Records supplied below:

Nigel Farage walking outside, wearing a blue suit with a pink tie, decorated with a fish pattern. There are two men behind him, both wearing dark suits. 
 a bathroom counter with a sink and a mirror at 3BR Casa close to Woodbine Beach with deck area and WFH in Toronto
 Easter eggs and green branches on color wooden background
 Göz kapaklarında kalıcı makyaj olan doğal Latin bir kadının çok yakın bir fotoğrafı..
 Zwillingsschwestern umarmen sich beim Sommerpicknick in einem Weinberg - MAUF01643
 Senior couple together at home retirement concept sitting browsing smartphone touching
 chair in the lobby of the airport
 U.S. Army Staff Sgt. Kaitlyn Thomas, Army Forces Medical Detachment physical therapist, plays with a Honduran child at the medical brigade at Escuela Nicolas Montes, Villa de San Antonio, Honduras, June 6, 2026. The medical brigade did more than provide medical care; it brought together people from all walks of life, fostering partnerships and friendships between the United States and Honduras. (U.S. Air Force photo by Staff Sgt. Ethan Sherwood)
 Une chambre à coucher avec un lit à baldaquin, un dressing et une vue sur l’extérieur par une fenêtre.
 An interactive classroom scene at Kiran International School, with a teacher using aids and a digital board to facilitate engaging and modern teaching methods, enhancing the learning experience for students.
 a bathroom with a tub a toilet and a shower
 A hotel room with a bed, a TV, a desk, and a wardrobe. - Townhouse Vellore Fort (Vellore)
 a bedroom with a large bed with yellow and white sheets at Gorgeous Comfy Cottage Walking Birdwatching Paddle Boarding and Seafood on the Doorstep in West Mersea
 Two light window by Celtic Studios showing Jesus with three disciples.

End of Records supplied.

Once you have read the records above, set each one down again exactly.

Reply to the task
Nigel Farage walking outside, wearing a blue suit with a pink tie, decorated with a fish pattern. There are two men behind him, both wearing dark suits. 
 a bathroom counter with a sink and a mirror at 3BR Casa close to Woodbine Beach with deck area and WFH in Toronto
 Easter eggs and green branches on color wooden background
 Göz kapaklarında kalıcı makyaj olan doğal Latin bir kadının çok yakın bir fotoğrafı..
 Zwillingsschwestern umarmen sich beim Sommerpicknick in einem Weinberg - MAUF01643
 Senior couple together at home retirement concept sitting browsing smartphone touching
 chair in the lobby of the airport
 U.S. Army Staff Sgt. Kaitlyn Thomas, Army Forces Medical Detachment physical therapist, plays with a Honduran child at the medical brigade at Escuela Nicolas Montes, Villa de San Antonio, Honduras, June 6, 2026. The medical brigade did more than provide medical care; it brought together people from all walks of life, fostering partnerships and friendships between the United States and Honduras. (U.S. Air Force photo by Staff Sgt. Ethan Sherwood)
 Une chambre à coucher avec un lit à baldaquin, un dressing et une vue sur l’extérieur par une fenêtre.
 An interactive classroom scene at Kiran International School, with a teacher using aids and a digital board to facilitate engaging and modern teaching methods, enhancing the learning experience for students.
 a bathroom with a tub a toilet and a shower
 A hotel room with a bed, a TV, a desk, and a wardrobe. - Townhouse Vellore Fort (Vellore)
 a bedroom with a large bed with yellow and white sheets at Gorgeous Comfy Cottage Walking Birdwatching Paddle Boarding and Seafood on the Doorstep in West Mersea
 Two light window by Celtic Studios showing Jesus with three disciples.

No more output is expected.